Jadis hantise des mineurs à l'origine des meurtriers coups de grisou, le gaz de houille présent en quantités colossales dans le sous-sol lorrain pourrait être une solution pour la reconversion économique de cette région marquée par la fermeture des mines.
Pendant plus d'un siècle, des milliers de "gueules noires" ont âprement arraché le charbon du sous-sol lorrain.
Mais en 2004 fermait le dernier puits de charbon de la région à la Houve, près de Creutzwald en Moselle.
Le bassin houiller pourrait aujourd'hui tenir sa revanche en développant une nouvelle activité : l'exploitation du gaz de houille contenu dans les veines de charbon.
Une intention confirmée par le ministre ministre du Redressement productif, Arnaud Montebourg: la France va "exploiter le gaz de houille", a-t-il annoncé récemment sur France 2.
"C'est un élément de compétitivité (...) sans atteinte à l'environnement", a-t-il fait valoir.
European Gas Limited, entreprise enregistrée au Royaume-Uni, entame l'exploration du sous-sol lorrain et a lancé un plan d'investissement de 33 millions d'euros en deux ans pour financer ses forages dans la région.
Cinq puits devraient être creusés entre 2013 et 2014 en Lorraine pour l'exploration.
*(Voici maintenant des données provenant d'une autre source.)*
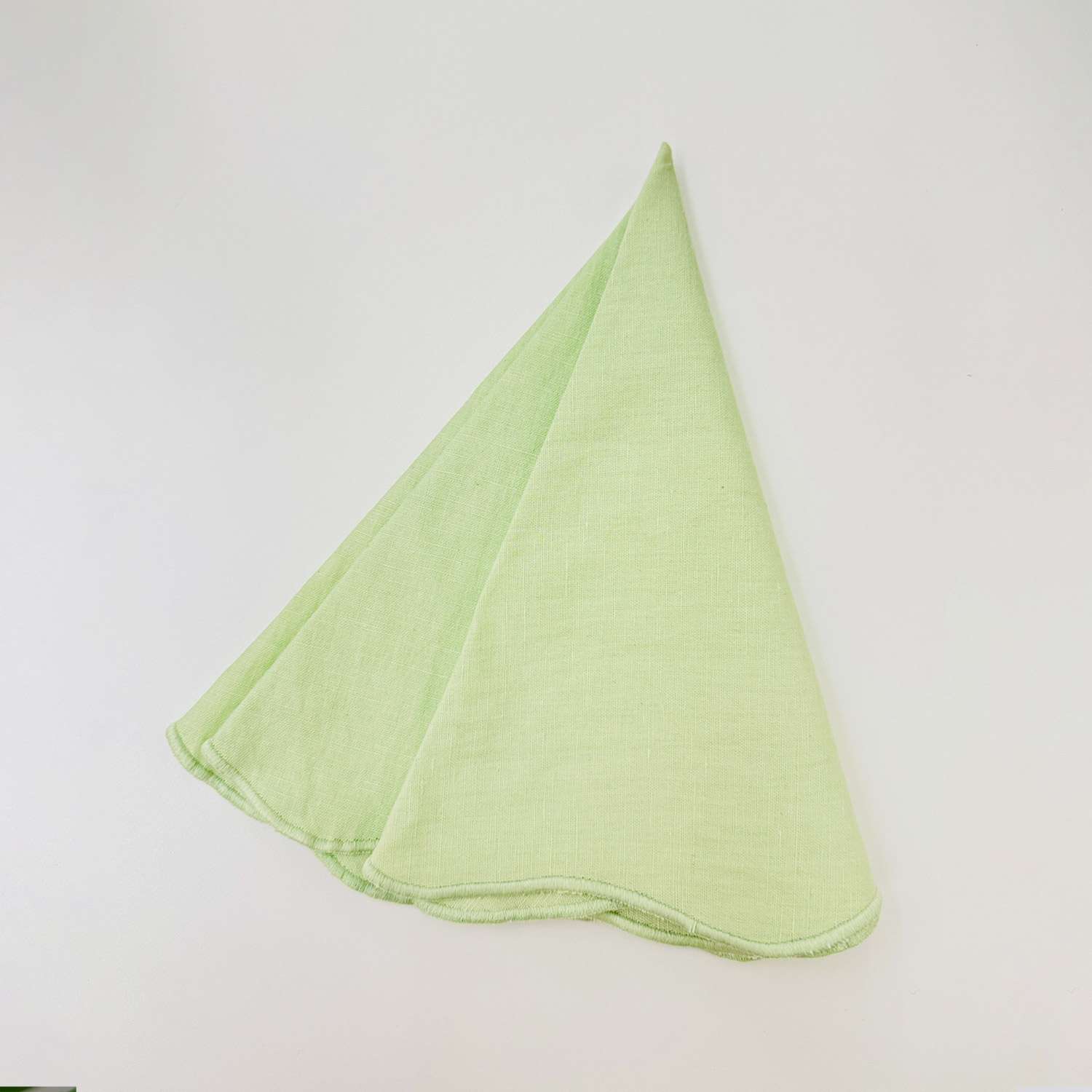 Petal Edge Table Napkins - Set of 4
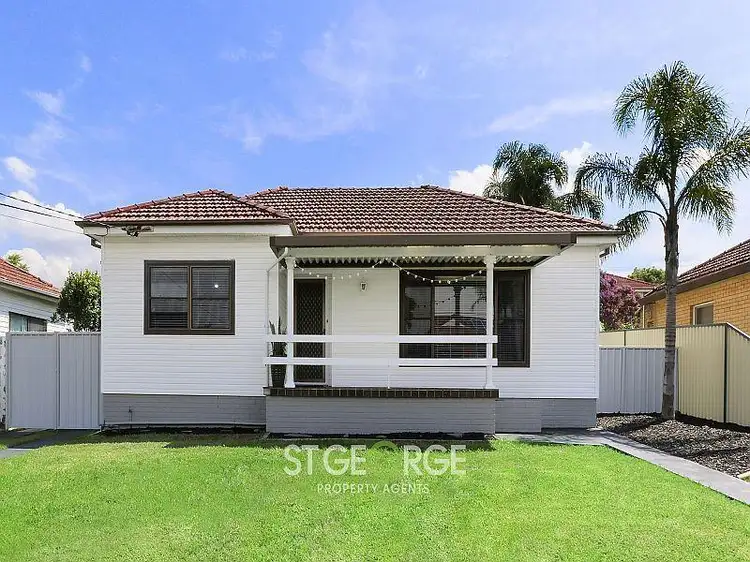 14 Beale  Crescent, Peakhurst NSW 2210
EGL cherchera ensuite un partenaire pour l'exploitation du gaz de houille.
La production pourrait permettre d'extraire du sous-sol l'équivalent de neuf ans de consommation française en gaz, estime EGL.
Pour Antoine Le Solleuz, maître de conférences en géologie à l'Université de Lorraine, le sous-sol Lorrain pourrait même représenter l'équivalent de plus de 20 ans de consommation française de gaz.
La Lorraine est la région la "plus riche de France" en gaz de houille, avance le scientifique.
"Les quantités sont importantes, pour ne pas dire colossales" en Lorraine, abonde un géologue rattaché au ministère de l'Ecologie.
Contrairement aux gaz de schistes, l'exploitation du gaz de houille ne nécessite pas de fracturation hydraulique, décriée pour ses conséquences néfastes sur l'environnement et interdite en France depuis juillet 2011.
De fait, le charbon est déjà plus ou moins fracturé naturellement et il ne faut "surtout pas perturber le milieu, au risque d'endommager les veines de charbon où est stocké le grisou", explique l'expert du ministère de l'Ecologie, pour qui cette activité est "acceptable à 100%".
L'Association de défense de l'environnement et de lutte contre la pollution (Adelp) souligne néanmoins les "effets inéluctables sur l'environnement de surface" qu'auraient l'exploration et de l'exploitation du gaz de houille, note son président, Michel Kaspar.
Des dégâts "irréversibles" pour le collectif "Stop gaz de schiste Lorraine".
La direction régionale de l'environnement de l'aménagement et du logement (Dreal) reconnaît qu'il y aura un impact pour l'environnement, avec notamment l'installation de station en surface et de pompes.
Mais la Dreal promet de traiter "de manière sérieuse les aspects de sécurité et d'environnement et fait valoir qu'on entre là dans une "nouvelle phase d'exploitation du sous-sol, un projet intéressant pour la région".
Cette reconversion représenterait "une forme de compensation" après la fermeture des mines, observe également Roger Cosquer, directeur départemental du Bureau de recherches géologiques et minières (BRGM).
"On apporte beaucoup de solutions, et pas de problème", note Frédéric Briens, directeur général d'EGL, qui observe un "consensus" autour du projet en Lorraine notamment du fait de la longue tradition minière de la région.
Prudent sur la question du gaz de houille, Sébastien Thisse, le maire de Freybouse où EGL a obtenu l'un de ses permis de forer, admet que ses administrés ne sont pas particulièrement inquiets. "Il y a des anciens mineurs, ils sont même contents", dit-il.
Les experts rappellent néanmoins que d'autres se sont essayés, sans succès, à l'exploitation du gaz de houille il y a une vingtaine d'années. D'après eux, l'amélioration des techniques pourrait toutefois jouer en la faveur d'EGL.
Pour Antoine Le Solleuz, l'extraction du gaz de houille est rentable grâce à la hausse des cours du gaz ces dernières années, même si elle coûte quatre fois plus cher que celle du gaz naturel.